Уже цитированный нами Виктор Маркович Живов, подводя итог своему исследованию «Церковные преобразования в царствование Петра Великого», предлагает следующую периодизацию: «Таким образом, история церкви и церковной политики в царствование Петра распадается на три периода. В первый период, с начала самостоятельного правления Петра и смерти патриарха Иоакима и до возвращения Петра из Великого посольства и смерти патриарха Адриана, формируются основные идеологические константы отношения Петра к православной церкви и патриаршему церковному управлению. Во второй период, простирающийся до дела царевича Алексея и утверждения Прокоповича в качестве основного агента Петра в церковно-государственной политике, политика в этой области ориентирована на настоящее, носит деструктивный характер и, не основываясь на какой-либо определенной концепции церковно-государственного устройства, преследует цель дискредитации церковного авторитета, разрушения системы церковного управления, бесконтрольного распоряжения церковным имуществом и устрашения духовенства и лишения его возможностей сопротивления. Последний период начинается после дела царевича Алексея и продолжается вплоть до смерти императора; политика в этот период ориентирована на будущее…»[122]

По мнению исследователя, «дело» царевича Алексея оказывается концептуальной вехой, после которой и начинается системная реформа Церкви.

Дело не только и не столько в хронологии. Политический и духовно-психологический кризис, который резко обозначен, был конфликтом отца и сына, требовал сильных и новых средств для его разрешения.

«Дело» Алексея началось не с его побега, возвращения и следствия. Его началом можно считать неясные нам события 1715 года, о механизме которых можно только догадываться.

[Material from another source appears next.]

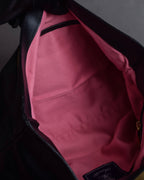 "ADMJ" Gold clasp grain leather shoulder bag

Очевидно, что Петр и целиком зависящие от него деятели, такие как Меншиков, испытывали острое беспокойство, догадываясь, какие силы стоят за Алексеем: народная любовь, симпатии многих активных деятелей реформ, преимущественно из влиятельной родовой аристократии. Но не только из нее.

В период после 1714 года – после обнаружения циничной коррупции в ближнем круге царя, после возвращения в Европу Карла XII и осложнения международной ситуации – Петр, в чьем сознании парадоксально сочетался трезвый прагматизм с неискоренимыми элементами утопического мышления, искал то объяснение кризиса, которое отвечало картине мира, соответствующей утопической стороне его сознания.